What you should do
Transcribed word for word, the lines below from the one with "Vista 8 de DANIP" through the last line of the records form the answer; no picture is to be included.

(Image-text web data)
•••

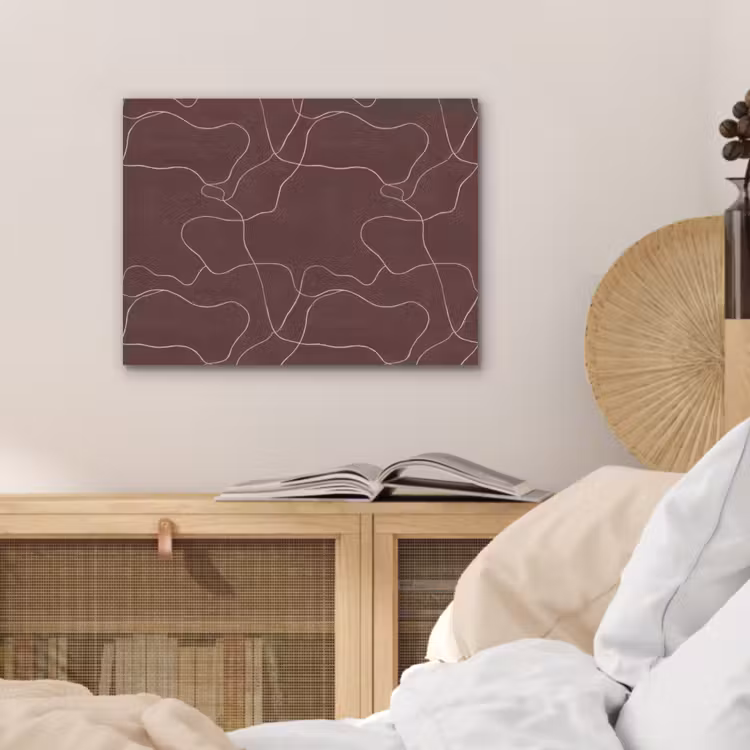 Abstract - Modern - Bruin PET vilt klein 837 -sfeer3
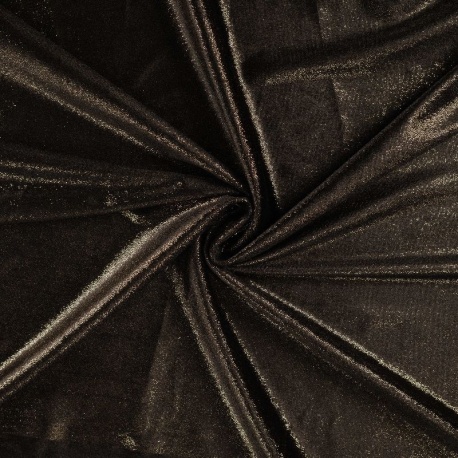 Tissu Velours Foil Or noir 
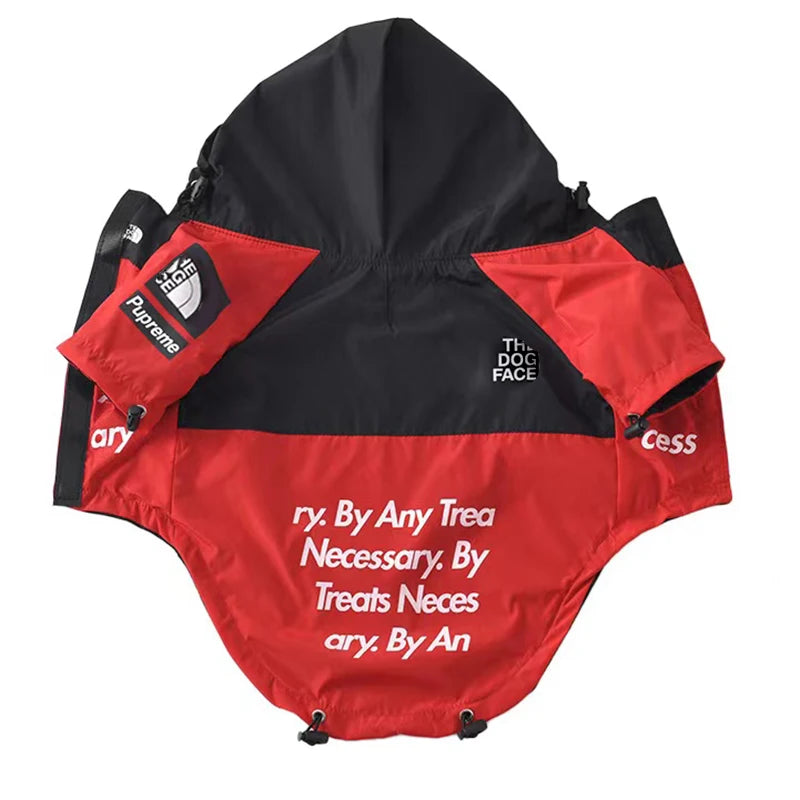 Waterproof Dog Coat with Hood – “The Dog Face” Outdoor Rain Jacket | Reflective - Top Dogg Brand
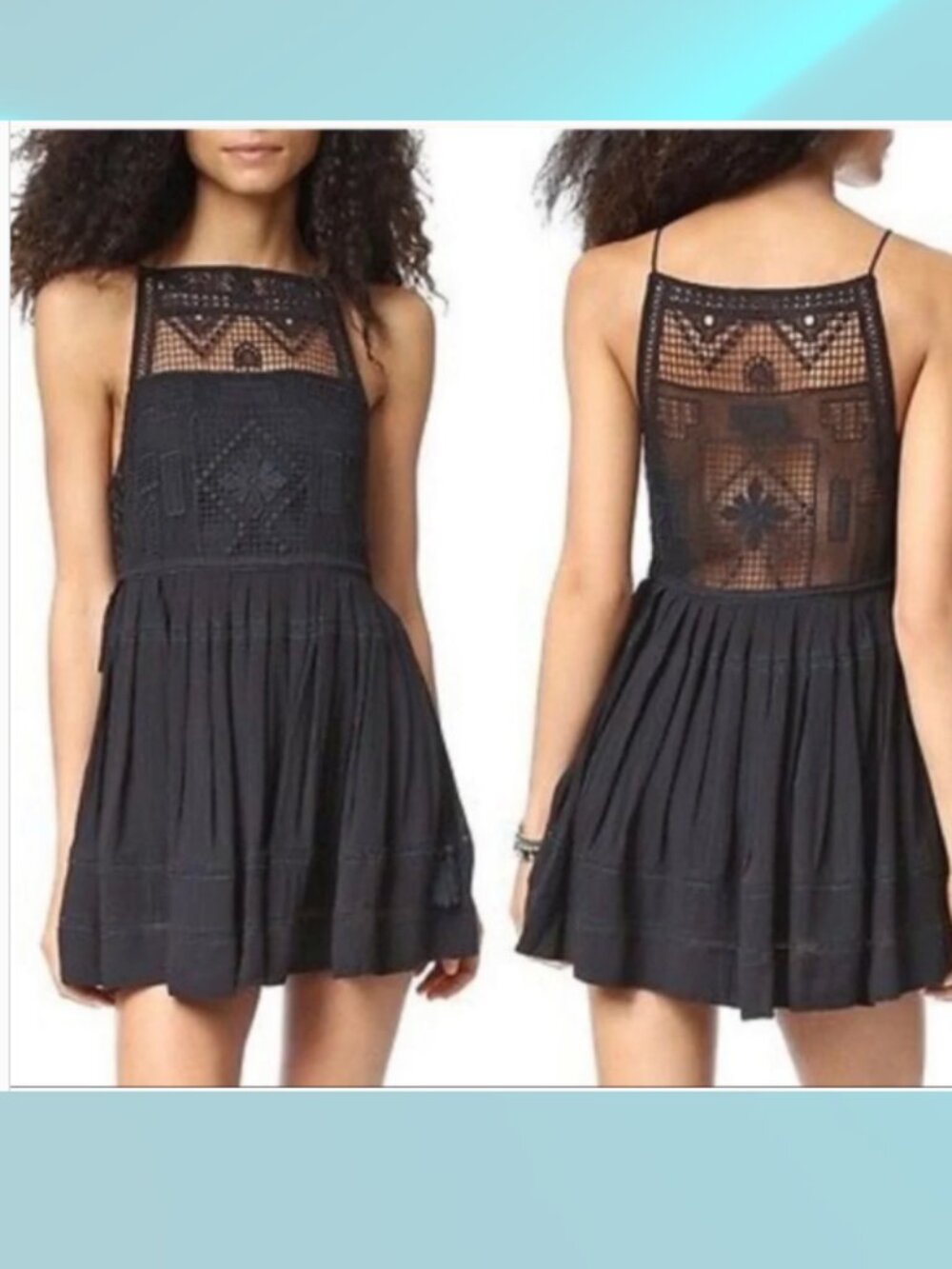 Free People Black Crochet-Panel Mini Dress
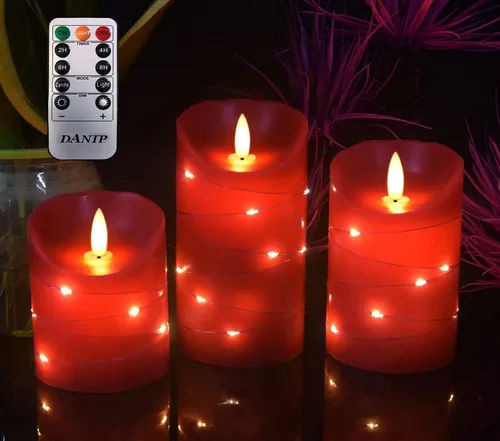 Vista 8 de DANIP - Vela LED verde sin llama con cuerda de estrella integrada, juego de 3 velas LED, con control remoto de 11 botones, función de temporizador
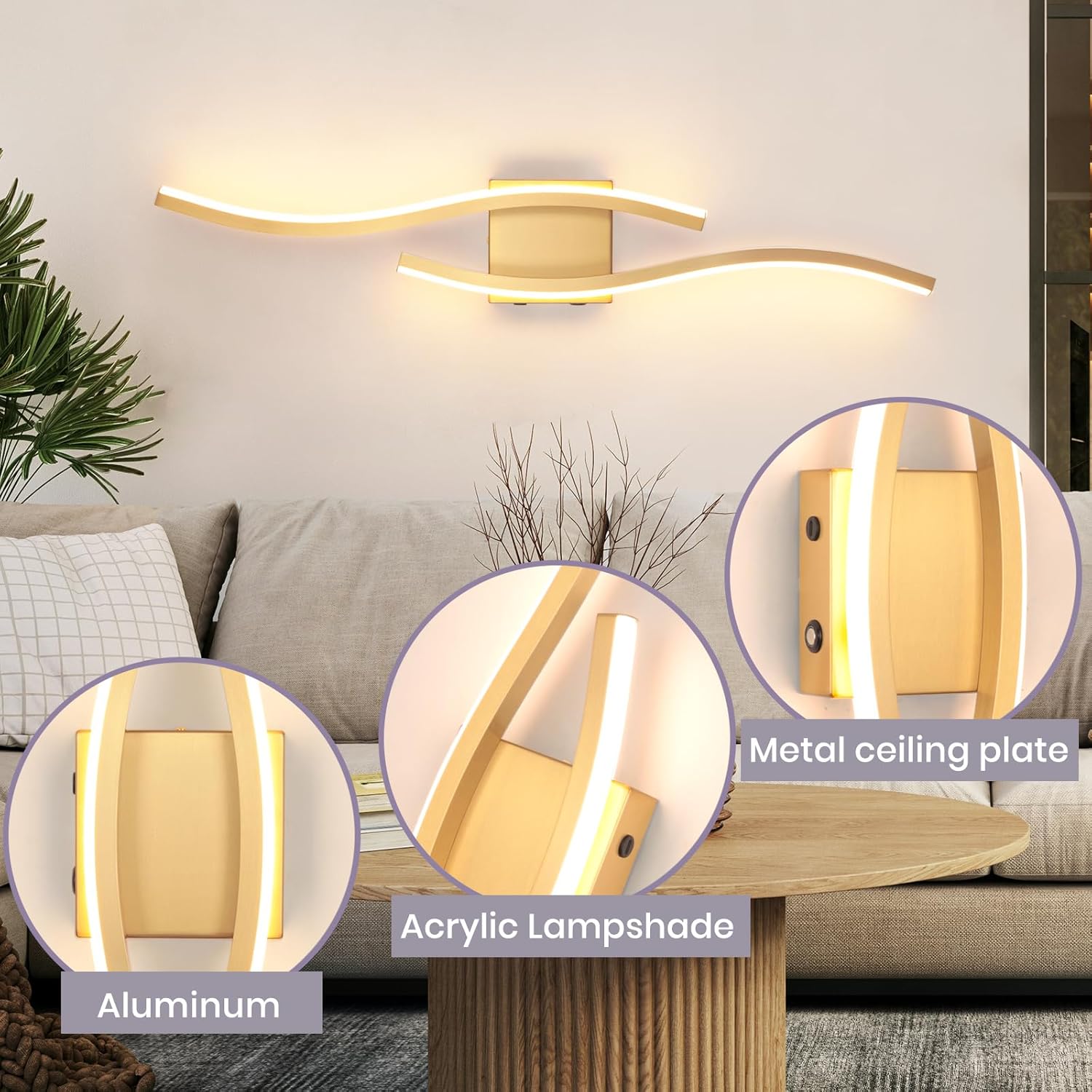 Battery Operated Wall Sconces, Rechargeable Wall Sconces, 3000K-6500K LED Wireless Wall Light, Modern Wall Lamp not Hardwired for Living Room Bedroom Hallway, 31.5in-Gold - Image 8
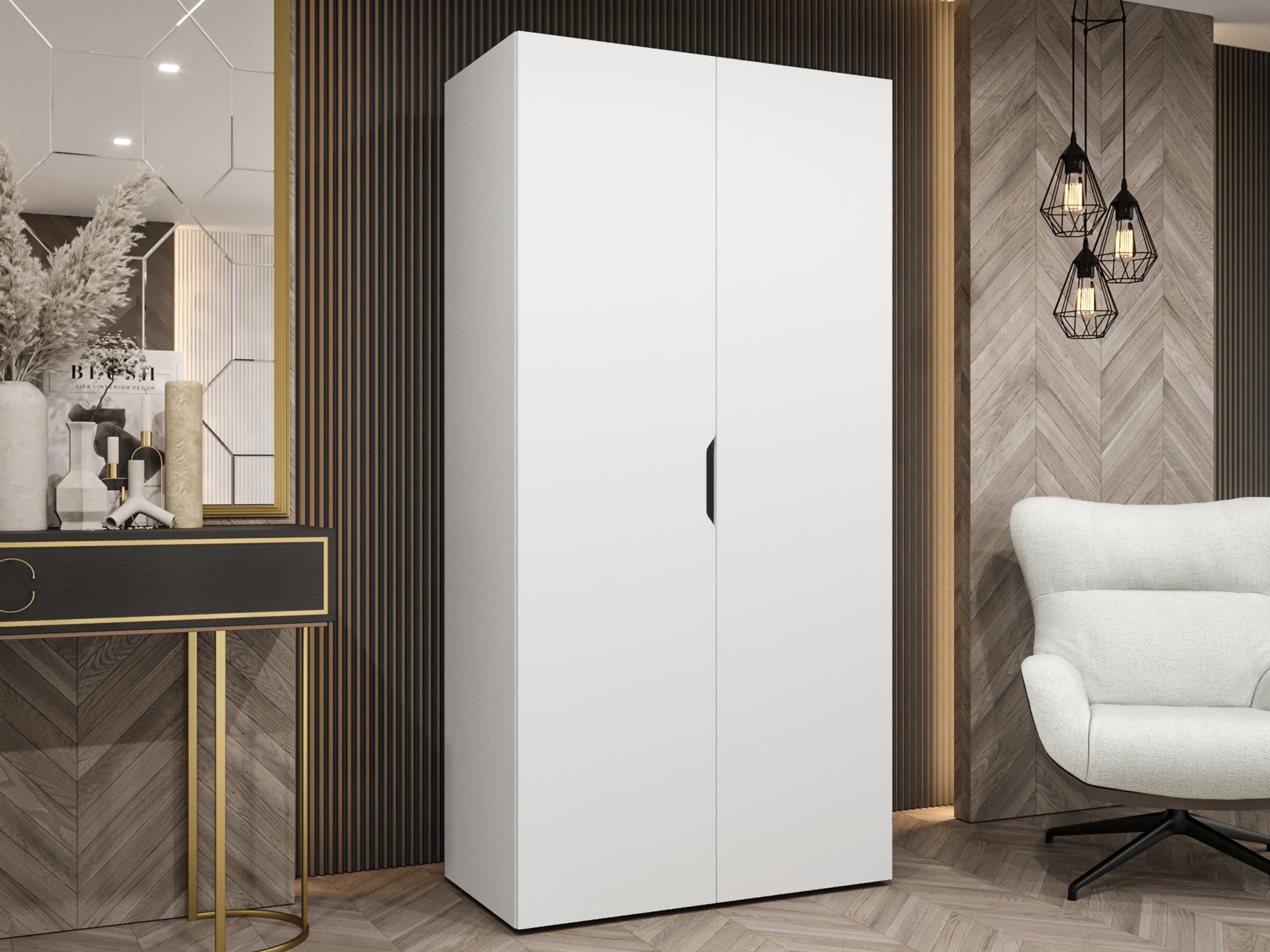 MIRJAN24 Kleiderschrank Malaga 100 (mit zwei Drehtüren) Kleiderstange, 100x52x202 cm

•••

Result for this exercise
 Vista 8 de DANIP - Vela LED verde sin llama con cuerda de estrella integrada, juego de 3 velas LED, con control remoto de 11 botones, función de temporizador
 Battery Operated Wall Sconces, Rechargeable Wall Sconces, 3000K-6500K LED Wireless Wall Light, Modern Wall Lamp not Hardwired for Living Room Bedroom Hallway, 31.5in-Gold - Image 8
 MIRJAN24 Kleiderschrank Malaga 100 (mit zwei Drehtüren) Kleiderstange, 100x52x202 cm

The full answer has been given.